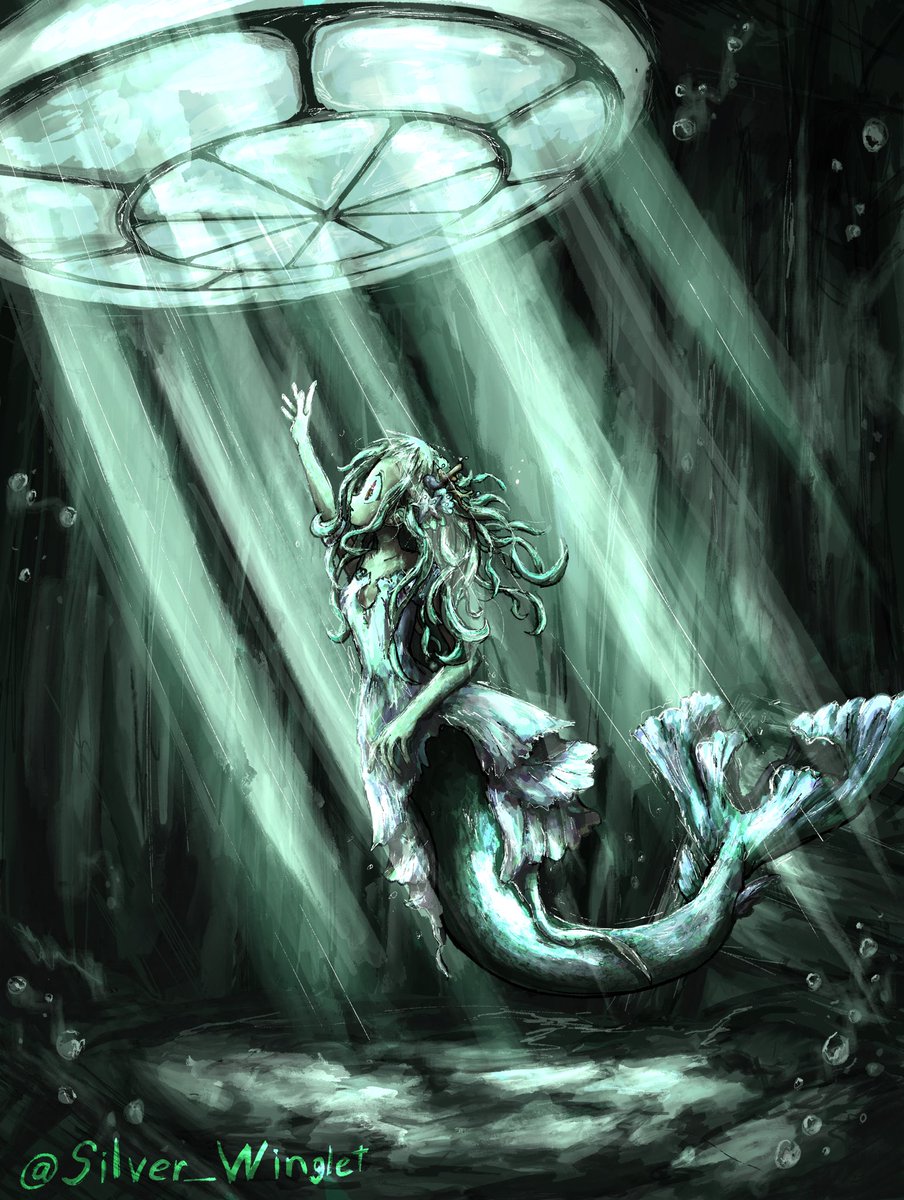 Silver_Winglet's tweet photo. A bit late for mermay but I just had to finish this piece 🫧
#Mermay 
#NeneYashiro 
#tbhk 
#jshk https://t.co/kz7ug1XZOB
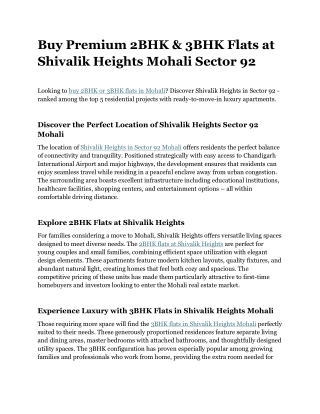 Buy Premium 2BHK & 3BHK Flats at Shivalik Heights Mohali Sector 92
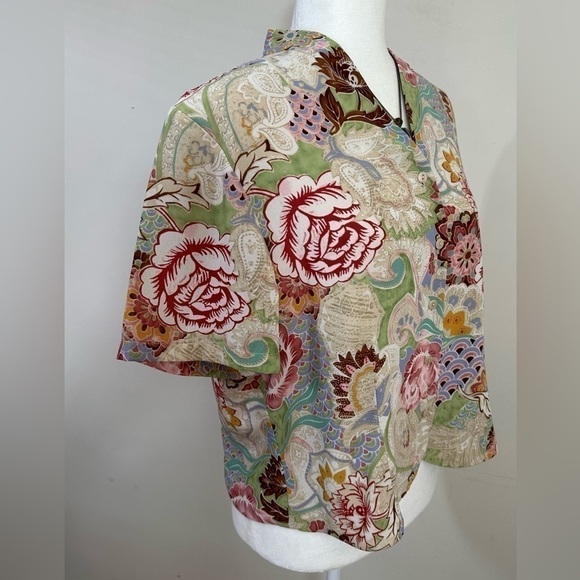 Pendleton sz 16 p blouse in a beautiful floral design. Vintage styling - Picture 3 of 13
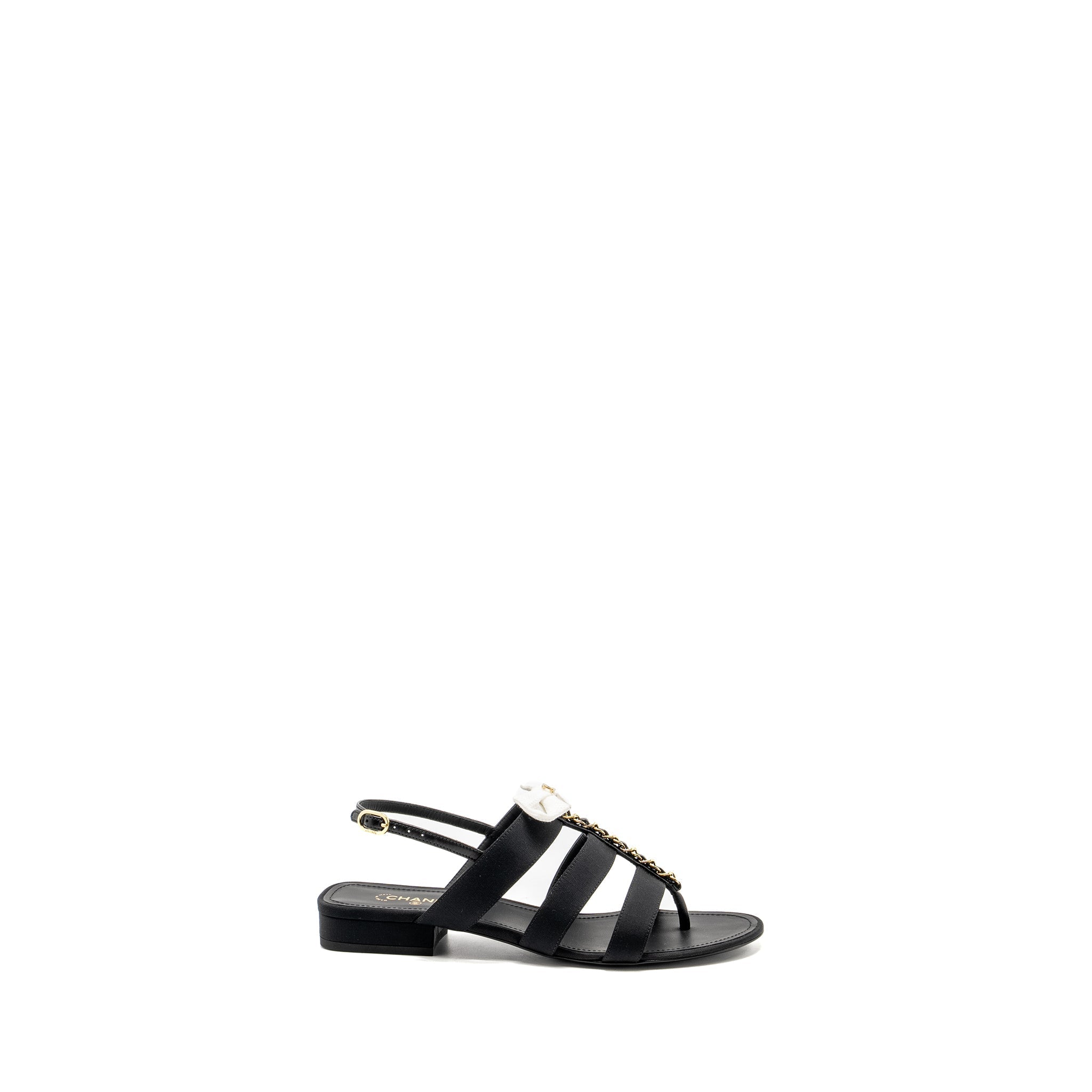 CHANEL 21K GROSGRAIN CHAIN CC LOGO WITH WHITE BOW SANDALS BLACK LGHW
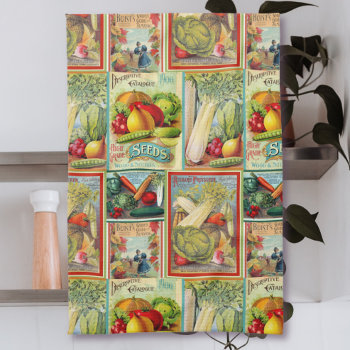 Vintage Seed Catalog  Collage Kitchen Towel by pinkladybugs at Zazzle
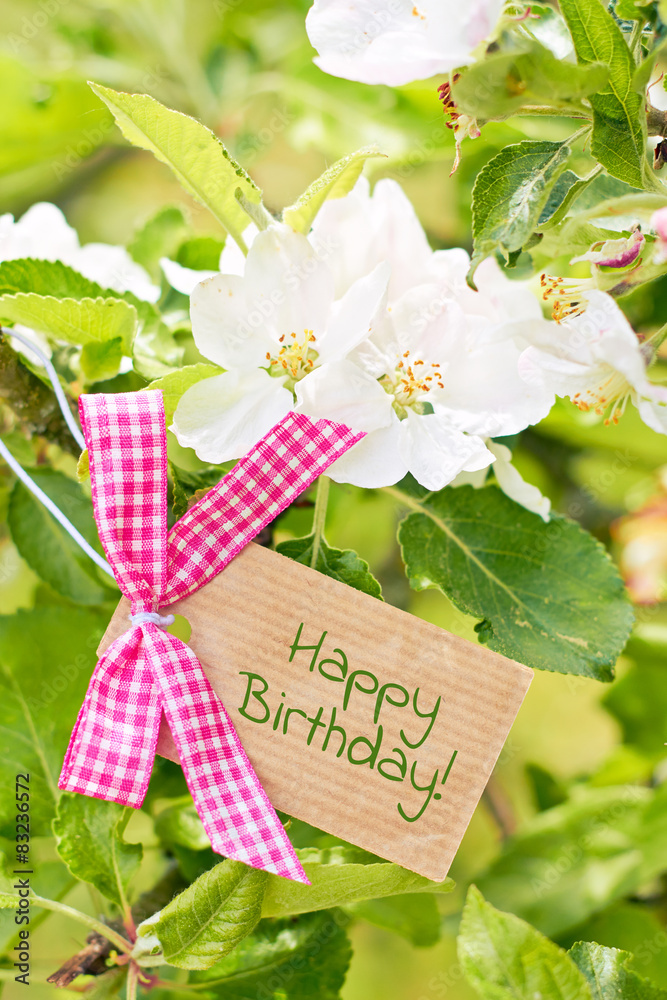 beautiful nature greeting card background - happy birthday Stock Photo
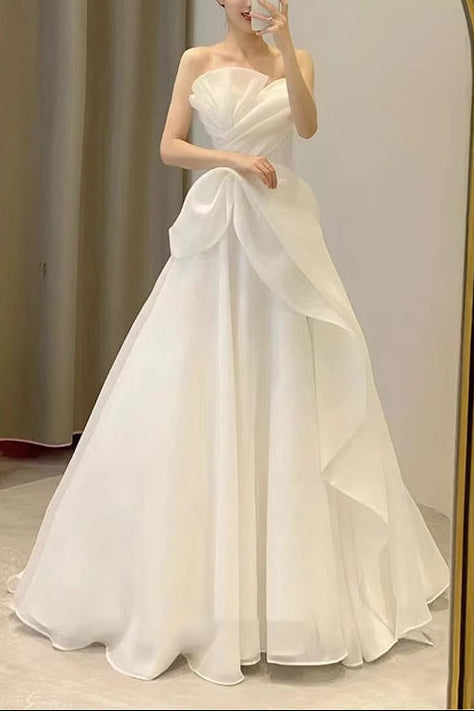 White Minimalist Wedding Dress With a Slimming Effect Maxi Dress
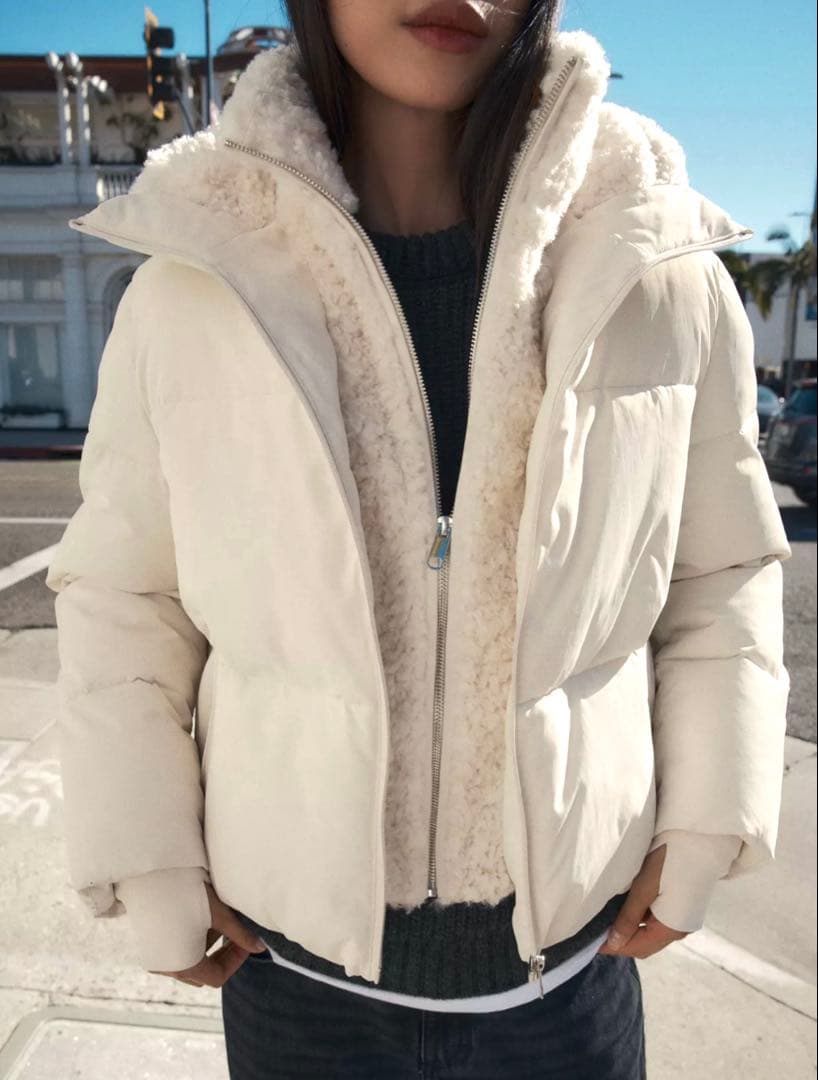 【ZARA】ザラ L フェイクシープスキンフード付き撥水ウィンドブレーカー 白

▶ **Task directions**
Write out the data precisely as given, excluding the pictures.

▶ **Written response**
 Silver_Winglet's tweet photo. A bit late for mermay but I just had to finish this piece 🫧
#Mermay 
#NeneYashiro 
#tbhk 
#jshk https://t.co/kz7ug1XZOB
 Buy Premium 2BHK & 3BHK Flats at Shivalik Heights Mohali Sector 92
 Pendleton sz 16 p blouse in a beautiful floral design. Vintage styling - Picture 3 of 13
 CHANEL 21K GROSGRAIN CHAIN CC LOGO WITH WHITE BOW SANDALS BLACK LGHW
 Vintage Seed Catalog  Collage Kitchen Towel by pinkladybugs at Zazzle
 beautiful nature greeting card background - happy birthday Stock Photo
 White Minimalist Wedding Dress With a Slimming Effect Maxi Dress
 【ZARA】ザラ L フェイクシープスキンフード付き撥水ウィンドブレーカー 白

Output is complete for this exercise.